### Requirement:
Retype each of the records below exactly, leaving the pictures out.

=== Information provided ===

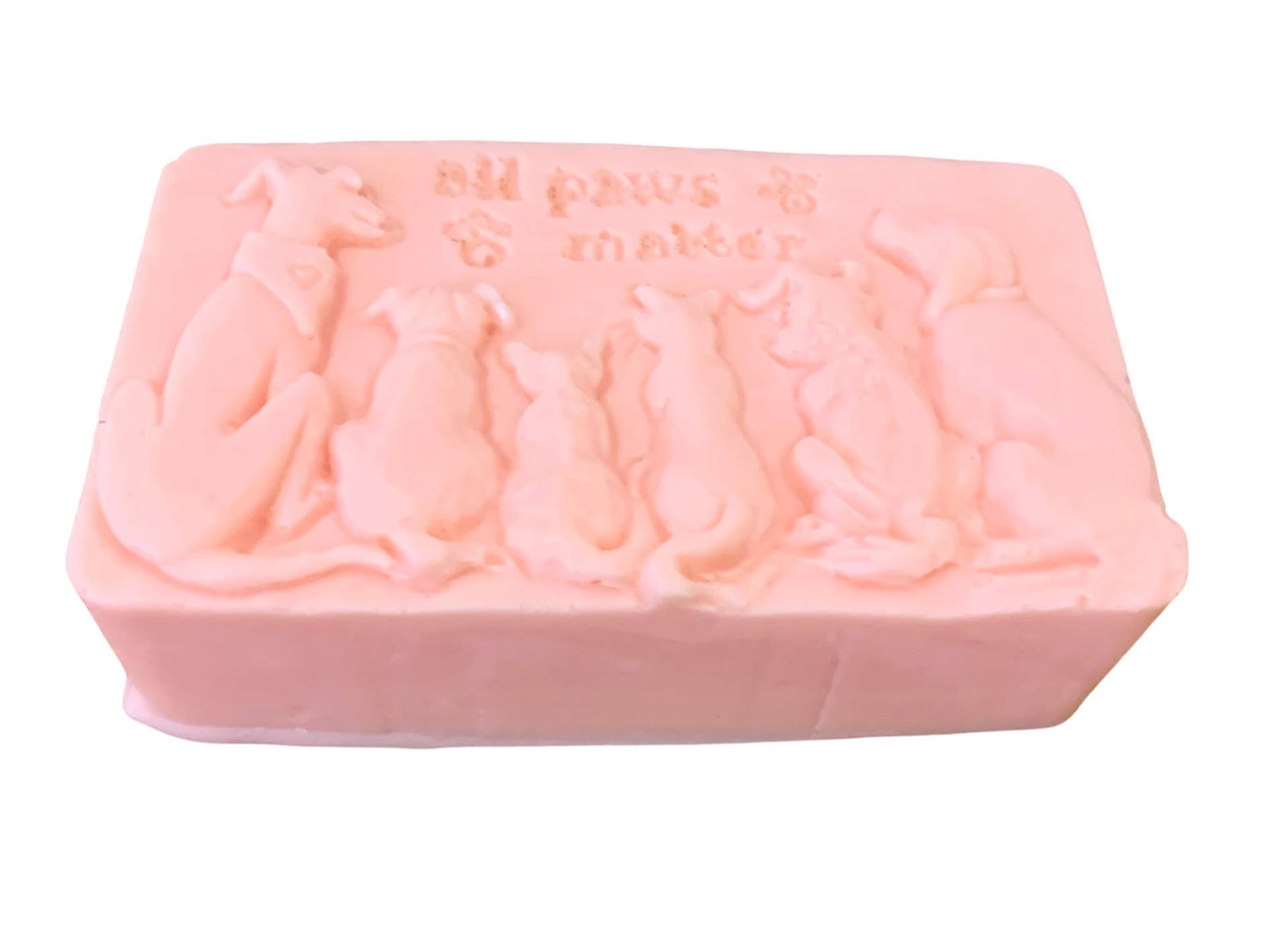 Dog and Cat All Paws Matter bar of soap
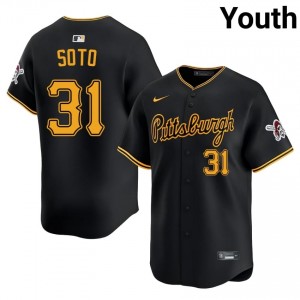 Black Gregory Soto #31 Pittsburgh Pirates Baseball Embroidery Jersey | Replica Youth Fit 88066710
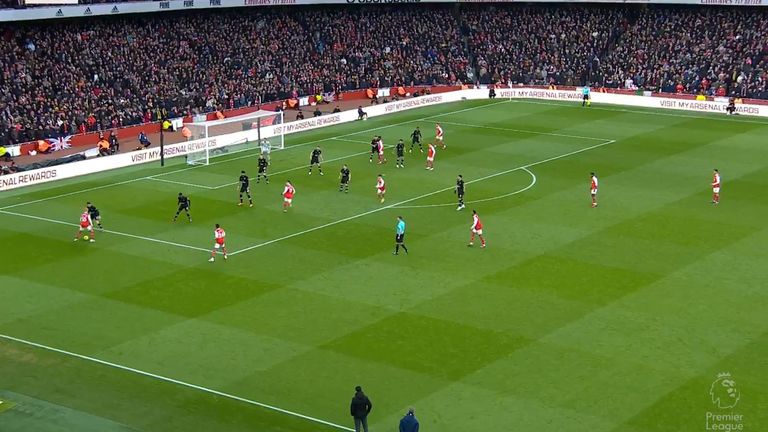 With Arsenal needing a goal to beat Bournemouth late on, Arteta's side create a front seven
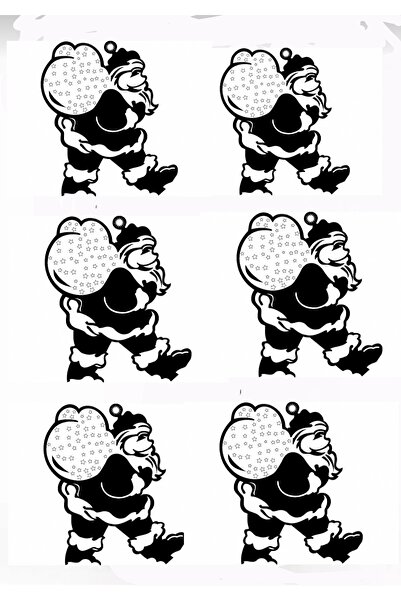 ÇUKUROVA ÜTÜ Коледни украси Красиви пожелания Дядо Коледа 6-компонентен компл...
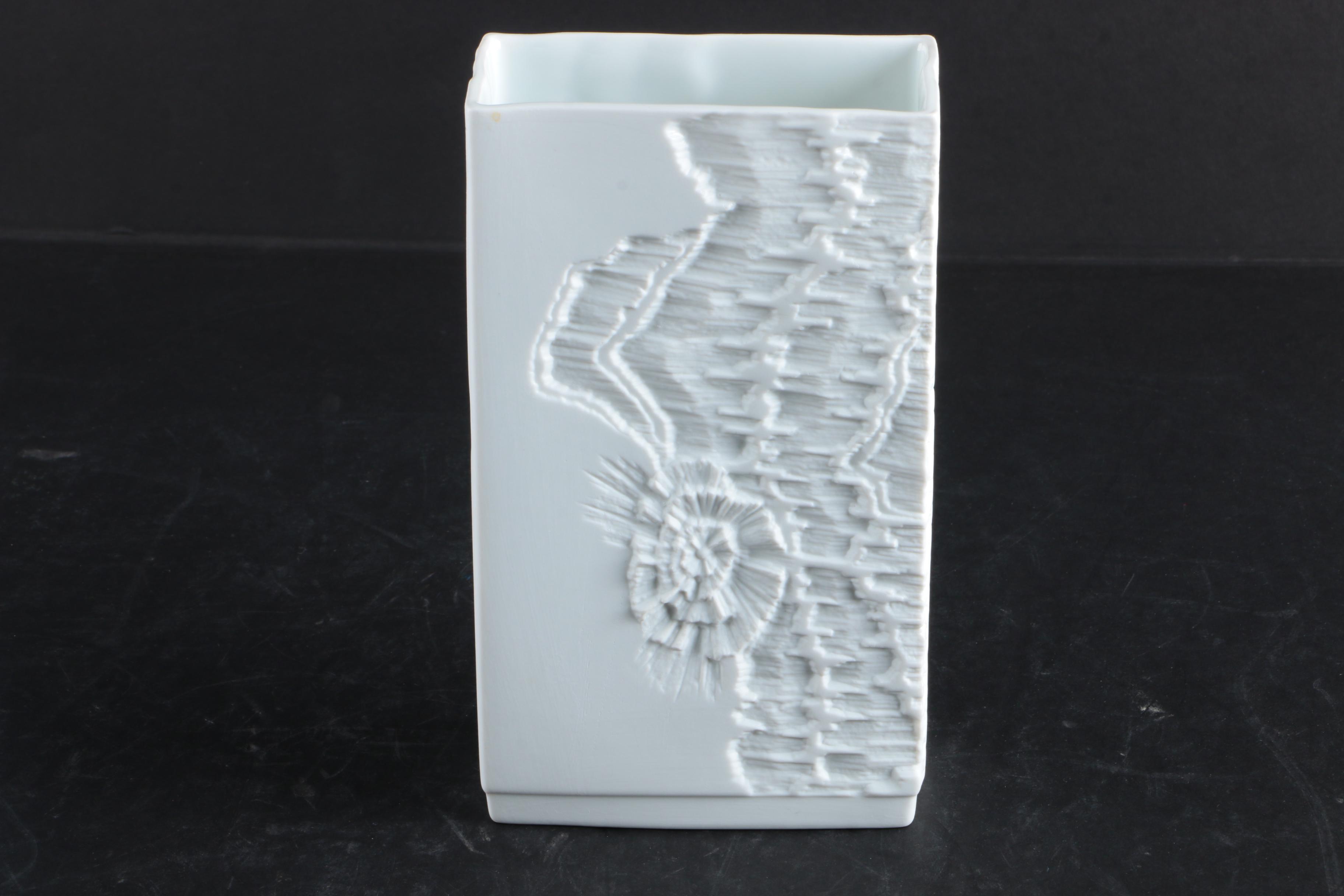 Mid-century Kaiser Bisque Porcelain Vases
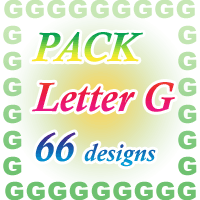 Letter G set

===

### Solution:
 Dog and Cat All Paws Matter bar of soap
 Black Gregory Soto #31 Pittsburgh Pirates Baseball Embroidery Jersey | Replica Youth Fit 88066710
 With Arsenal needing a goal to beat Bournemouth late on, Arteta's side create a front seven
 ÇUKUROVA ÜTÜ Коледни украси Красиви пожелания Дядо Коледа 6-компонентен компл...
 Mid-century Kaiser Bisque Porcelain Vases
 Letter G set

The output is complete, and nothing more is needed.